雑談に花が咲いたタイミングで、ロケバスとして使われる銀色で四角形に近い車体のコミューターがやってきた。身重の姉に手を貸しつつ、先に乗り込ませる。彼女にも一応手を貸してレディーファーストを重んじ先に乗車させる。自分自身も乗り込もうと足を車内に掛けた所、聞きなれたあの名曲がかかった。掛けてきた相手は今朝と同じだった。一度女性二人に手を合わせて謝罪を示した後電話に出る。
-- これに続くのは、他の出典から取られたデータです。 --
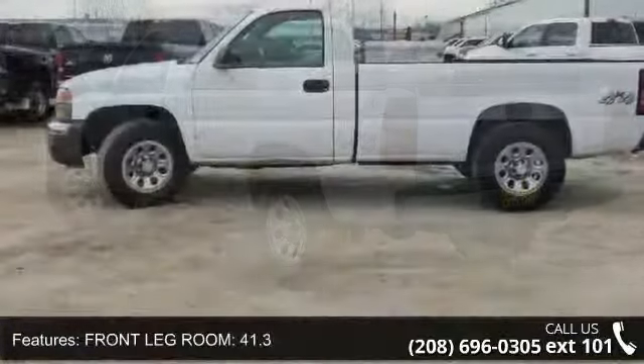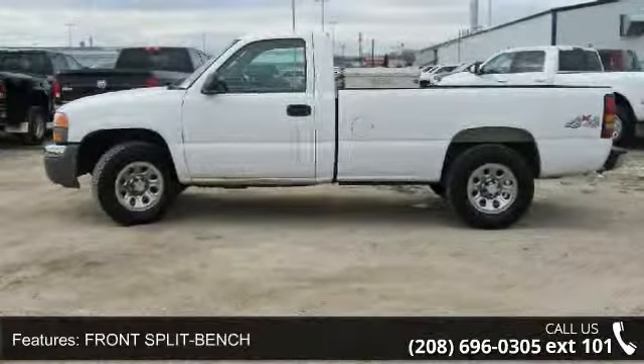A test drive is waiting for you. Call now to schedule an appointment at our dealership.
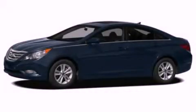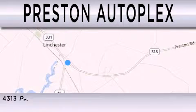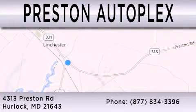Please call today to reserve this vehicle for a test drive. Preston Autoplex is dedicated to doing everything possible to ensure that the experience you have selecting your vehicle is as pleasant as possible. You can contact us at 877-834-3396. Thank you for watching.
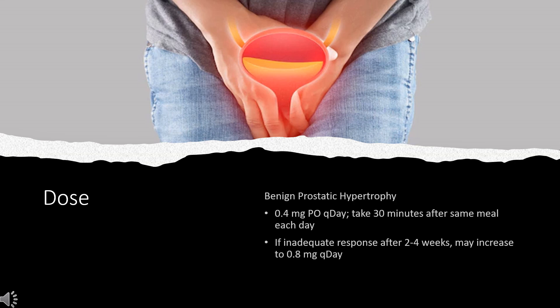Bladder outlet obstruction (off-label): Relief of symptoms — 0.4 mg PO once daily. Ureteral stones (off-label): Facilitation of kidney stone expulsion — 0.4 mg PO once daily, discontinued after successful expulsion; average duration 1–2 weeks.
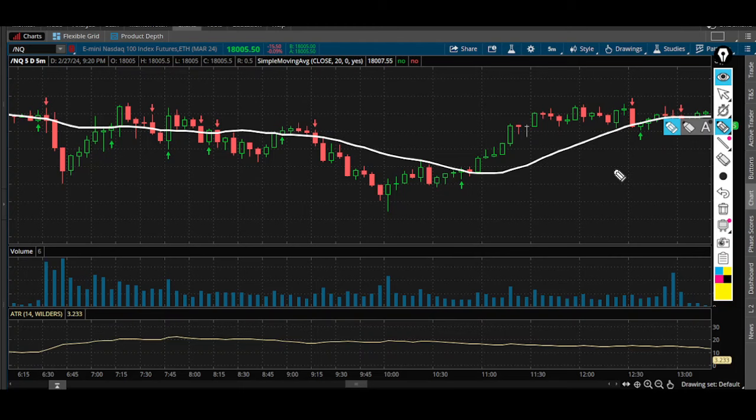Unless you have a pure mechanical strategy where you're always risking 10 points and always trying to gain 30 points — those methods do work, but they require a lot more discipline and patience, and they're very hard to follow. Sometimes you get stopped out at 10 points, it drops another 15 points, and then runs 100 points in your favor.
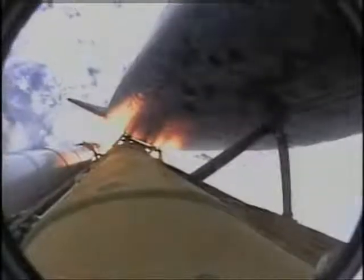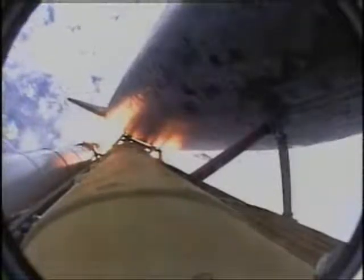Now 50 seconds into the flight. Discovery is 8 miles downrange from the Kennedy Space Center at an altitude of 6 statute miles, flying at 900 miles per hour.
『やあやあ、たびたび悪いね。これじゃあ、忙しいと言ったことがまるで嘘みたいだね』
『まあ、確かに説得力はないですね』
『じゃあ、用件だけ伝えるよ。今朝伝えた論文、実はまだ続報があって、その著者はなんと日本人らしい。それこそ、みんな内容に引き付けられていたわけだし、実験の被験者も全員ドイツ人だったし、論文自体もドイツ語だったから、分からなかったんだよね。それだけじゃない。なんとその教授、今日本に戻って来てるらしくてね。日本の大学で同じ畑の教授たちと接触したことが分かってるんだ。